The pandemic has prompted over-60s to rethink their long-term care plans, with research from Canada Life revealing 1.5 million over-60s who were previously open to care homes for themselves or family members now wouldn't consider it.

Among those over 60 who would not consider care homes for themselves in the future, the most popular alternatives were:
• Moving into assisted living accommodation (26%), an increase of 36% from 2020
• Downsizing to smaller, more manageable properties (24%), up 26% on last year
• Paying for one-on-one care at home (22%), an increase of 57% from 2020.

Moving in with family members was also a popular option. 7% would explore building a granny annex as an extension to their child's home and cohabiting with them, 4% would move into an already built granny annex, and 3% would move into a family member's spare room.

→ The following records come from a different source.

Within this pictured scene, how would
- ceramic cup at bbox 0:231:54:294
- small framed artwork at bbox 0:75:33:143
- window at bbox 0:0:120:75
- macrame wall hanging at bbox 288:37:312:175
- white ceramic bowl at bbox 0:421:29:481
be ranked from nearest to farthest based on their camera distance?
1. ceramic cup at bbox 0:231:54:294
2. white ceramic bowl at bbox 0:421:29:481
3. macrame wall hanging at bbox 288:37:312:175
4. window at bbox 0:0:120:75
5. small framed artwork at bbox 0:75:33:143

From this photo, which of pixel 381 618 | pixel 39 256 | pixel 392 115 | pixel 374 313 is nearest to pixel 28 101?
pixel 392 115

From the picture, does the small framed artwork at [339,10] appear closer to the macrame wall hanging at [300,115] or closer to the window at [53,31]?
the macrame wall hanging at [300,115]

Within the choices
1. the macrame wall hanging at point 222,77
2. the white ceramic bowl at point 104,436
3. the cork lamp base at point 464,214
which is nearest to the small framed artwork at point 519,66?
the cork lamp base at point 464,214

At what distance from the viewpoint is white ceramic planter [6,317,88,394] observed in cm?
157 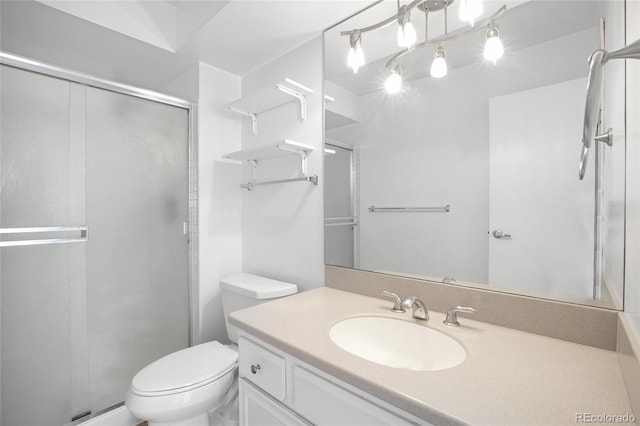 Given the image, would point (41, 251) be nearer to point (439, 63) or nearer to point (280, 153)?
point (280, 153)

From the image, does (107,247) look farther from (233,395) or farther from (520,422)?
(520,422)

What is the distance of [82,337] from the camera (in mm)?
1525

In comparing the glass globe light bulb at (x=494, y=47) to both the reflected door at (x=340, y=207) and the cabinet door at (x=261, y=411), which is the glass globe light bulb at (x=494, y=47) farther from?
the cabinet door at (x=261, y=411)

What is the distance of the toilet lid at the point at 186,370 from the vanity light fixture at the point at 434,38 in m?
1.46

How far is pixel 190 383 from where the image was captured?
121 centimetres

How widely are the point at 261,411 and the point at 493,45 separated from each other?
1480 millimetres

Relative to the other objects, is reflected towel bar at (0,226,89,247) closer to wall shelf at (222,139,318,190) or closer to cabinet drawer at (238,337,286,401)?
wall shelf at (222,139,318,190)

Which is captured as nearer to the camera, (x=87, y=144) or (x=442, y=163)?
(x=442, y=163)

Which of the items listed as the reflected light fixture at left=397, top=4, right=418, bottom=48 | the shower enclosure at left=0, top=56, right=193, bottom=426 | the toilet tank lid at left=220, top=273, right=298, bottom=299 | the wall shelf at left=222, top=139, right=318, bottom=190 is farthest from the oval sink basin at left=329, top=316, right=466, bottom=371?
the shower enclosure at left=0, top=56, right=193, bottom=426

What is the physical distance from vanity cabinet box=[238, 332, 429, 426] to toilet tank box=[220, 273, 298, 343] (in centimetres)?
45

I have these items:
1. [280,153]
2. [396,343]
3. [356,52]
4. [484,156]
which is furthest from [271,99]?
[396,343]

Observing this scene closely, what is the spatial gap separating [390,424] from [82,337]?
1650mm

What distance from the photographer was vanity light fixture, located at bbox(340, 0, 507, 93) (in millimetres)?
1026

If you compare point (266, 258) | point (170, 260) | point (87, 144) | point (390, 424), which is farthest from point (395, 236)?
point (87, 144) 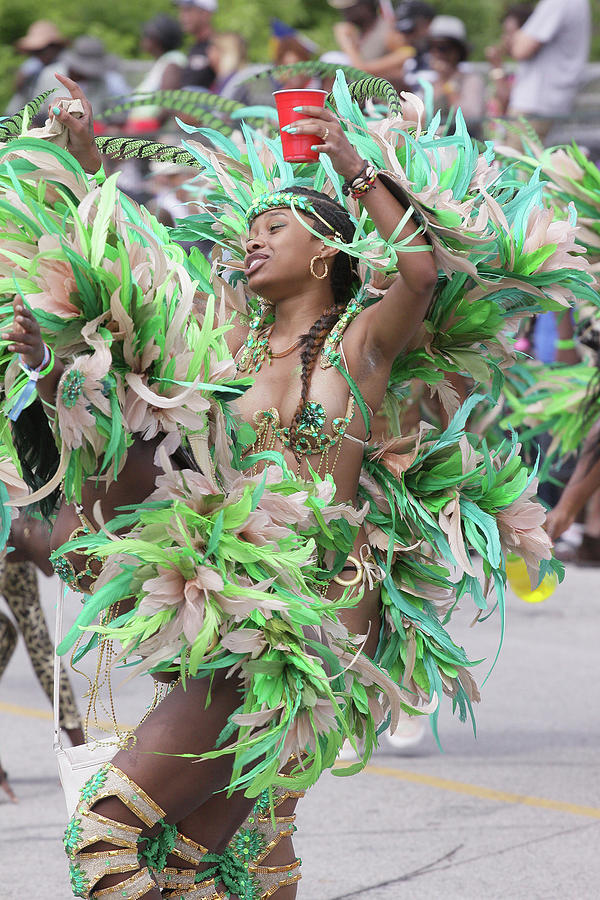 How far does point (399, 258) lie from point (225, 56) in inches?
366

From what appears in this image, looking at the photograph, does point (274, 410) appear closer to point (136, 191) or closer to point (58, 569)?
point (58, 569)

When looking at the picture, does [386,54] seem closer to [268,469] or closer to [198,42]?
[198,42]

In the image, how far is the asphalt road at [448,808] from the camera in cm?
429

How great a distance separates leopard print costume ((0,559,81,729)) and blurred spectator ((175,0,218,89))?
7115mm

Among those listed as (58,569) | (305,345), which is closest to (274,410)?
(305,345)

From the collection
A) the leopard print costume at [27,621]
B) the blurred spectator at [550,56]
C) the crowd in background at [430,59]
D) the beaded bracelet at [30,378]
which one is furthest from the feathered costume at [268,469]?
the blurred spectator at [550,56]

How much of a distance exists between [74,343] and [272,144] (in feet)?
4.09

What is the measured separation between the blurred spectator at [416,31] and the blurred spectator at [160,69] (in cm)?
194

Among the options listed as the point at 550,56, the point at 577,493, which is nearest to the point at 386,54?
the point at 550,56

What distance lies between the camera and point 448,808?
5.03 m

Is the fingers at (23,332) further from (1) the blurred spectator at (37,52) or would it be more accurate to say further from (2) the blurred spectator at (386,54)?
(1) the blurred spectator at (37,52)

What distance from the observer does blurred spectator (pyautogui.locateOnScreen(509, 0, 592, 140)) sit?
1097 centimetres

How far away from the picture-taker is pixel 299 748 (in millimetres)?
2842

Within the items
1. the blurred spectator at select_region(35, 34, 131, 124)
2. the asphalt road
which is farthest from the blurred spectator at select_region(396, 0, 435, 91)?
the asphalt road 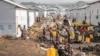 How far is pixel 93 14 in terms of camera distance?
50312 mm

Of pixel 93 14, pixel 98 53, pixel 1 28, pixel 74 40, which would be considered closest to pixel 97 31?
pixel 74 40

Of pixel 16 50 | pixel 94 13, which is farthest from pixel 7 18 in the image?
Answer: pixel 94 13

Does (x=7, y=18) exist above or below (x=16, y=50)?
above

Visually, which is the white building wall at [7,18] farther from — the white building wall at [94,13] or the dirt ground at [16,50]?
the white building wall at [94,13]

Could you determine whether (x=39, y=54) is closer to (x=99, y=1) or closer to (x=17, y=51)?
(x=17, y=51)

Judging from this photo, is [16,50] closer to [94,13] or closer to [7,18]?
[7,18]

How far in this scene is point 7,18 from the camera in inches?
1244

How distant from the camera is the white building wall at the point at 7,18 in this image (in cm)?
3147

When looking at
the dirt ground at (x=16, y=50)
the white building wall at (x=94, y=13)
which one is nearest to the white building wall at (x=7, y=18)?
the dirt ground at (x=16, y=50)

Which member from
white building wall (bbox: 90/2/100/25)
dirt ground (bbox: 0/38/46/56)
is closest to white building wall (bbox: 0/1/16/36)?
dirt ground (bbox: 0/38/46/56)

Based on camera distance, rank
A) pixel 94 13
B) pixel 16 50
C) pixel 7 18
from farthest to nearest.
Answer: pixel 94 13
pixel 7 18
pixel 16 50

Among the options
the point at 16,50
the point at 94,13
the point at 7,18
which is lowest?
the point at 16,50

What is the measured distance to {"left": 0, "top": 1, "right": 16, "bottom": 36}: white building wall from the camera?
1239 inches

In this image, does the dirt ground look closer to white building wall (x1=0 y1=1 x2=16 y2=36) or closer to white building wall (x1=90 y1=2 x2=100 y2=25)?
white building wall (x1=0 y1=1 x2=16 y2=36) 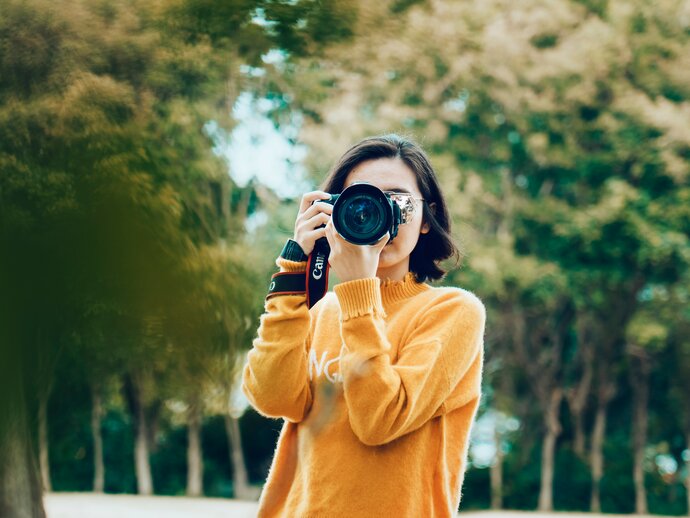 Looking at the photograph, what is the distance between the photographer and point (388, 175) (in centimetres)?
130

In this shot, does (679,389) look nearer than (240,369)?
No

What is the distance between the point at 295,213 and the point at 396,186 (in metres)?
2.99

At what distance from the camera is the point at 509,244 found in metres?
11.2

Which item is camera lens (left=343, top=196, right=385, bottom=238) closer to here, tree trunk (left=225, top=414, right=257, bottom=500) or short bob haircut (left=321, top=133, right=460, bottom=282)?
short bob haircut (left=321, top=133, right=460, bottom=282)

For those looking to move in with family or pay for home improvements, 70% expect that they would need to alter their home or their child's home in some way.

These alterations include:

• Making modifications to the bathroom - 39%
• Installing an emergency alarm - 28%
• Fitting a stair lift - 27%
• Installing mobility features such as ramps and railings - 21%
• Converting a room into a bedroom - 14%
• Buying new furniture such as a bed with rails - 12%

Alice Watson, head of marketing, Insurance, Canada Life said: "The pandemic has prompted people to re-evaluate what is most important to them, so it isn't surprising that the over-60s are considering their later-life care plans. And, with care home costs standing at anywhere between £600-800 a week, those in and approaching retirement are clearly looking for alternatives, whether that be making home modifications or moving in with family members.

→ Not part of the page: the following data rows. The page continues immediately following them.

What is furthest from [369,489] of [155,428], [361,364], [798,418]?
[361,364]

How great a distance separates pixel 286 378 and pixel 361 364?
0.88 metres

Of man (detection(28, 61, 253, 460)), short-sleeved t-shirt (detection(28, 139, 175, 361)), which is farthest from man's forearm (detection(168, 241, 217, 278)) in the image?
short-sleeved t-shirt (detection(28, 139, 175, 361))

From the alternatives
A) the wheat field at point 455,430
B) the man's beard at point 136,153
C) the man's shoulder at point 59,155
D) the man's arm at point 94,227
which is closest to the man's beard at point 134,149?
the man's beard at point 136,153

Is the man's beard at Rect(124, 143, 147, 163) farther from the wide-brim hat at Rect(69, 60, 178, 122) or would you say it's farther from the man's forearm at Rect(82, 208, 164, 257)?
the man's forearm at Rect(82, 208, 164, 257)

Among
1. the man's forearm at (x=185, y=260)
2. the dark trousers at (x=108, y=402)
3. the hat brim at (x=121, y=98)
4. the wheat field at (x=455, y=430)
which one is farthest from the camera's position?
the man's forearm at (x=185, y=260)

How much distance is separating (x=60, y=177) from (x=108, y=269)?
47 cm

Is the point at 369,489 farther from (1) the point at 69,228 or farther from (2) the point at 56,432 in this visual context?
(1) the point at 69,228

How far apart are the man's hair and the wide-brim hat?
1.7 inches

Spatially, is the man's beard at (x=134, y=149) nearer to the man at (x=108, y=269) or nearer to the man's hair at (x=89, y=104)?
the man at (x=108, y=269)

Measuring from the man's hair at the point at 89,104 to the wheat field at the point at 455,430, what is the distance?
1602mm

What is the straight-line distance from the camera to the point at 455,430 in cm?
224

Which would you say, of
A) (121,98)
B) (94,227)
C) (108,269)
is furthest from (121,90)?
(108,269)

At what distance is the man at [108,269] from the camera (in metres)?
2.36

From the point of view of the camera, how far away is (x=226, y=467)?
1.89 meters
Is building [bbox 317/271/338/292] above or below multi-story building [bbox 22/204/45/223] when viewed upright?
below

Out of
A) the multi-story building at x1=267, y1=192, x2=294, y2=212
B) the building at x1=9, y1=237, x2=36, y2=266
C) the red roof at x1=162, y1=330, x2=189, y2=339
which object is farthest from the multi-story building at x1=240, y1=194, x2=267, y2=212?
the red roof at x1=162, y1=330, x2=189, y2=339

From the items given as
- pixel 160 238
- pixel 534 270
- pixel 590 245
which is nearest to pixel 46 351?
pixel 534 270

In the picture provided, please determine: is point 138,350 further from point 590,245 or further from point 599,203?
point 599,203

"As we continue to enjoy living longer, not all of those years may be in good health and paying for care will become a reality for many, whether that be for themselves or their loved ones. However, it's important to remember that there are a number of solutions available to help cover the cost of care and speaking to an adviser is a good place to start. They can highlight how products such as equity release can be used to help people stay in their homes, while accessing cash to fund care solutions."

In separate news, 1.3 million UK investors believe either that they are not on track with their financial plans or have been completely thrown off course due to the COVID-19 pandemic, according to a new study by Capital Group.

The research indicated that one in five investors knocked off course by the pandemic estimate it will take them at least five years to restore their long-term financial plans back to health.

Designed to gauge the pandemic's impact on UK investors, the nationally representative survey, among 1,003 retail investors aged over 45 years with £50,000 or more in investments, revealed that "Can I still expect the same income and lifestyle in retirement?" is the key question for investors post-pandemic.

Looking at the more short-term impact, the survey also highlighted that more than a third (37%) of those without a financial adviser lack confidence in the performance of their investments over the next 12 months, compared to only a fifth of those with an adviser (21%).

Despite this marked difference in confidence against financial goals between those with and without an adviser, about 6 million UK investors2 (7 in 10) still currently manage their finances independently and don't seek advice.

Chris Miles, head of Financial Intermediaries UK, Capital Group, said: "UK investors will have come through moments of severe disruption and turmoil in the past but it's clear the COVID-19 pandemic has taken its toll on many investors' financial plans, with recovery for some over five years away.

As the research shows, it's in times like these that the value of advice comes to the fore. We can see it playing a pivotal role in helping clients navigate challenges, seize opportunities, and plan ahead. It really can be the difference between investors questioning ‘Can I still?' to believing ‘I can' when it comes to their financial goals."

Capital Group has operated in the UK for more than 40 years and its London office is the group's second largest investment office globally. Capital Group employs approximately 450 associates in the UK, including 70 investment professionals, across a range of functions. The company currently offers 32 Luxembourg-domiciled UCITS funds to UK investors.